*Problem statement*. Show each line of the data below that has the string "Apartment" in it.

══════

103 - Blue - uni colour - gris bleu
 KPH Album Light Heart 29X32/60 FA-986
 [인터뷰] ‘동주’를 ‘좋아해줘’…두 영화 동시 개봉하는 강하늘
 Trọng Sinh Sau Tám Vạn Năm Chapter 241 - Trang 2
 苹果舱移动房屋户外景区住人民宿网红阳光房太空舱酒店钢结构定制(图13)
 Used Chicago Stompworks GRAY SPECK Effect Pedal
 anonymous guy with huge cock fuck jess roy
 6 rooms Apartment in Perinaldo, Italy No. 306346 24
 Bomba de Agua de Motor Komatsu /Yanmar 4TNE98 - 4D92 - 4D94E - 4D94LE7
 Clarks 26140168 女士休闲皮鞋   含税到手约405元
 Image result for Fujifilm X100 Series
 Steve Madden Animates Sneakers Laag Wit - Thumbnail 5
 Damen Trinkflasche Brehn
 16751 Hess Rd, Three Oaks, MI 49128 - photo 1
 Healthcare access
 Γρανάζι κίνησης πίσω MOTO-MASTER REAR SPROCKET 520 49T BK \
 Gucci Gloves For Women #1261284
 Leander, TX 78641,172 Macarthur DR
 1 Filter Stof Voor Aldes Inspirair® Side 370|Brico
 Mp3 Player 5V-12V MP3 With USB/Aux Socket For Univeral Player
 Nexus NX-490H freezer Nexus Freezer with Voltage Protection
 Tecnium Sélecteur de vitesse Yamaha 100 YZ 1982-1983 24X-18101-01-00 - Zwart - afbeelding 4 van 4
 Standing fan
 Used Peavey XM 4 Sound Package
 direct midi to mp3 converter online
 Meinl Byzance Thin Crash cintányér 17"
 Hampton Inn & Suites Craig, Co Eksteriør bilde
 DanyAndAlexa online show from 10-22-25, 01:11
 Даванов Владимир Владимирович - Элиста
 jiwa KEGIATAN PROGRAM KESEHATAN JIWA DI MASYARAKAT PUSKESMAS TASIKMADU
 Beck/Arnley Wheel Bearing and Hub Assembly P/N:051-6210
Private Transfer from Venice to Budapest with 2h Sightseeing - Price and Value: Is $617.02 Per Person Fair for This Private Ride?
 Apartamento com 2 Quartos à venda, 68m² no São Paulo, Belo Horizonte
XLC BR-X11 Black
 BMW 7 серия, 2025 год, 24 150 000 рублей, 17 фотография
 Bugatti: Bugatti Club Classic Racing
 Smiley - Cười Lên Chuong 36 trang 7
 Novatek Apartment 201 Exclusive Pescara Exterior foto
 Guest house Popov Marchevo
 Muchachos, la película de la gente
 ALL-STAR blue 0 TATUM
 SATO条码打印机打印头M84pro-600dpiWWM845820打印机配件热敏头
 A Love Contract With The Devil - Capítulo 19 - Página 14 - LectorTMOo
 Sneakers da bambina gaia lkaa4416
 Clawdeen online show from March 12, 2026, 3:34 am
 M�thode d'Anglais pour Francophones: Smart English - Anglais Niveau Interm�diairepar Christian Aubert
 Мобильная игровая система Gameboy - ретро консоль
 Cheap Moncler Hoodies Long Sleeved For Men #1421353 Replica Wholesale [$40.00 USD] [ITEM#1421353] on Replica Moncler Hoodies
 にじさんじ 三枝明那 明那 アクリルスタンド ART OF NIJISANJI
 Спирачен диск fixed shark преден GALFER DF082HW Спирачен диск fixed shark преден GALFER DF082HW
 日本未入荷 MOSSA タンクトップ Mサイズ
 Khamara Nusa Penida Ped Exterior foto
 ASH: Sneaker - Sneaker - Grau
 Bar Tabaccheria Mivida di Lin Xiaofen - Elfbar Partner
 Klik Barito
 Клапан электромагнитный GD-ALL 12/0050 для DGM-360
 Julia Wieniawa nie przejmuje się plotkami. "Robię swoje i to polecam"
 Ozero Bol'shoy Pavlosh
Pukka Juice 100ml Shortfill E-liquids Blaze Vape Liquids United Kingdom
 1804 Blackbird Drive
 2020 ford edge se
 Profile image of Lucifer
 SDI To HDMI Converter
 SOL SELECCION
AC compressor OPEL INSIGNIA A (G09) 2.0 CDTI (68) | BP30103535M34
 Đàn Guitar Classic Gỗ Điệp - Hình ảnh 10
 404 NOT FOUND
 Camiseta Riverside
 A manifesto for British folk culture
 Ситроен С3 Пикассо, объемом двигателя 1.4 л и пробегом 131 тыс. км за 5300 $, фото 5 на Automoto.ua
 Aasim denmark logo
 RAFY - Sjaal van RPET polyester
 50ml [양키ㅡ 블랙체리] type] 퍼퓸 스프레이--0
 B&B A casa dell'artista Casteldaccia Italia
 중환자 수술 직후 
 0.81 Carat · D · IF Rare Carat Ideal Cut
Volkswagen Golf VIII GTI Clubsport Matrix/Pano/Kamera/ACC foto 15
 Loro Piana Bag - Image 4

══════

*Written solution*.
 6 rooms Apartment in Perinaldo, Italy No. 306346 24
 Novatek Apartment 201 Exclusive Pescara Exterior foto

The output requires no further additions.